M. Mounahi Abdoulphata
Le Fonds d’Appui à la Formation Professionnelle et à l’apprentissage (FAFPA) œuvre, depuis quelques années, pour améliorer et adapter les compétences des jeunes au Niger. Monsieur le Directeur Général, voudriez-vous nous rappeler brièvement les objectifs du Fonds et où en sommes-nous par rapport à l’impact de vos actions ?
Le Fonds d’Appui à la Formation Professionnelle et à l’Apprentissage est un Établissement Public, dont le principal objectif est de contribuer, par le financement, à la mise en œuvre de la politique du Gouvernement en matière d’Enseignement et de Formation Techniques et Professionnels (EFTP) notamment dans les domaines de la formation professionnelle continue, diplômante, qualifiante, par apprentissage, de l’orientation, de l’accompagnement et de l’insertion professionnelle.
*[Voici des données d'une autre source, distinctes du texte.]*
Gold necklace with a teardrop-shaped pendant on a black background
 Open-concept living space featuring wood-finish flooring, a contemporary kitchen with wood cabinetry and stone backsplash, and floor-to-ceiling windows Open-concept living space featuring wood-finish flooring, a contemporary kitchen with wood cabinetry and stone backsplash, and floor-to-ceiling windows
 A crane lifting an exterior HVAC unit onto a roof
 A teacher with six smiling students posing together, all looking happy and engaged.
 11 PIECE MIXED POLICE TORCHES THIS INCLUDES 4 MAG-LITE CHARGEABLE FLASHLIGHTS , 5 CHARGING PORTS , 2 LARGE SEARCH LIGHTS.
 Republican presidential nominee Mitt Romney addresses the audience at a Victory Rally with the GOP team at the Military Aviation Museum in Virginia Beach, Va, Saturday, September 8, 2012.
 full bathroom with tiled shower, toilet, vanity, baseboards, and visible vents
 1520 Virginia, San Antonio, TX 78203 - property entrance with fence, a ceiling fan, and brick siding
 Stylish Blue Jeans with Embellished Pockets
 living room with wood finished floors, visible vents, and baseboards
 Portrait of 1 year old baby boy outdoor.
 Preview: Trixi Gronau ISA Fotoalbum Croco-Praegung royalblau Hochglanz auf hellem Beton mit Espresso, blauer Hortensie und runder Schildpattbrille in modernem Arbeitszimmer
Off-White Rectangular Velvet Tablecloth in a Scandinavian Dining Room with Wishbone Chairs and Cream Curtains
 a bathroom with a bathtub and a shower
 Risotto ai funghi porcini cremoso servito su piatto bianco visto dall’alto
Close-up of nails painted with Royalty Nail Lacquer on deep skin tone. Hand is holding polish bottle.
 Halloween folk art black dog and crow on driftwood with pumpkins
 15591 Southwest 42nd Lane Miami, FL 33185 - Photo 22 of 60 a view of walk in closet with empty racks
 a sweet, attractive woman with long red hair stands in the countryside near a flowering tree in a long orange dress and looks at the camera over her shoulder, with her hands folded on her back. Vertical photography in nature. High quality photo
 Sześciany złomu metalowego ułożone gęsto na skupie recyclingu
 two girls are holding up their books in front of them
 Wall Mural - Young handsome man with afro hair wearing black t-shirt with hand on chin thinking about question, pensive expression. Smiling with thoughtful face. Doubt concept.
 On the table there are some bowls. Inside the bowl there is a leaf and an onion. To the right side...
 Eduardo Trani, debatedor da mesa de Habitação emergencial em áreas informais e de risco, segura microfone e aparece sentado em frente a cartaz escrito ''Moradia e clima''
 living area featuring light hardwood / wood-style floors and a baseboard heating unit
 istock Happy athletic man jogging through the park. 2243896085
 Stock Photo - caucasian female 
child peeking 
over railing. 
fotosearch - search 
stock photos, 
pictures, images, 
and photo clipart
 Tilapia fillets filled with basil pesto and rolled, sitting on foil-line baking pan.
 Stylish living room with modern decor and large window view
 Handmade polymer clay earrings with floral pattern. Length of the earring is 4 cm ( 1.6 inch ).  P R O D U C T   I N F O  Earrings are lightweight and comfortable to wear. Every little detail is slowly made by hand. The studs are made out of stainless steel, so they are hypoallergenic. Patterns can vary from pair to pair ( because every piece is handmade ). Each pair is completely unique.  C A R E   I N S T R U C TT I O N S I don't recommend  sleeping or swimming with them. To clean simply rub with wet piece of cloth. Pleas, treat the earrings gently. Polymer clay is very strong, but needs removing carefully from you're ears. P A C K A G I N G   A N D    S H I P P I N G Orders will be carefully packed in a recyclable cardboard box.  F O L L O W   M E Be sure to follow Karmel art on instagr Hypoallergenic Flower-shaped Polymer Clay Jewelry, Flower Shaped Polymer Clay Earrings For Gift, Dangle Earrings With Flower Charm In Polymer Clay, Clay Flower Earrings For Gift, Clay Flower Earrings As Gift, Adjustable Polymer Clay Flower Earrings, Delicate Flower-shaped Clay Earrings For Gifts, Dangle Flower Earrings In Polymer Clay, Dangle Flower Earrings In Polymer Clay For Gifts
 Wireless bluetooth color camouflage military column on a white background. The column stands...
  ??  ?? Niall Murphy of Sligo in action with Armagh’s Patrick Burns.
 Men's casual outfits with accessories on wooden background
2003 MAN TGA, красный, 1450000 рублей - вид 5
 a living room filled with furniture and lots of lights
Pour ce qui est de l’impact de nos actions, on peut noter, entre autres, l’amélioration des compétences des jeunes déscolarisés et non scolarisés afin de faciliter leur insertion sur le marché du travail, la promotion de l’emploi et de l’auto-emploi des jeunes, le renforcement de la formation professionnelle locale par les appuis aux dispositifs de l’EFTP, la réduction de la pauvreté, la lutte contre le chômage et les déviances sociales et l’amélioration des conditions de vie des communautés locales par l’insertion socio-économique, la stimulation de l’économie locale par la création d’emploie et la formation des techniciens qualifiés, l’amélioration de la qualité des enseignements et apprentissage par le renforcement des capacités des formateurs des secteurs formel et non formel, l’amélioration de la compétitivité des entreprises assujetties à la TAP à travers le renforcement des capacités de leur personnel et l’amélioration des cadres de vie et de travail des ateliers d’artisans par l’appui à la labellisation.
Quelle lecture faites-vous de l’employabilité des jeunes, aujourd’hui au Niger ?
L’employabilité de la jeunesse nigérienne constitue, à l’heure actuelle, une préoccupation stratégique des plus hautes autorités de notre pays, comme en atteste le Programme de résilience pour la sauvegarde de la patrie. Cette problématique, désormais au cœur des débats socio-économiques et politiques, revêt une dimension pluridimensionnelle, englobant l’éducation et la formation, l’adéquation des compétences aux besoins du marché, la création d’opportunités professionnelles ainsi que le développement de l’entrepreneuriat. La jeunesse, en tant que vecteur essentiel de la dynamique économique nationale, demeure particulièrement vulnérable aux influences déstabilisatrices, notamment celles issues des mouvements terroristes, en l’absence d’un encadrement et d’une prise en charge appropriés.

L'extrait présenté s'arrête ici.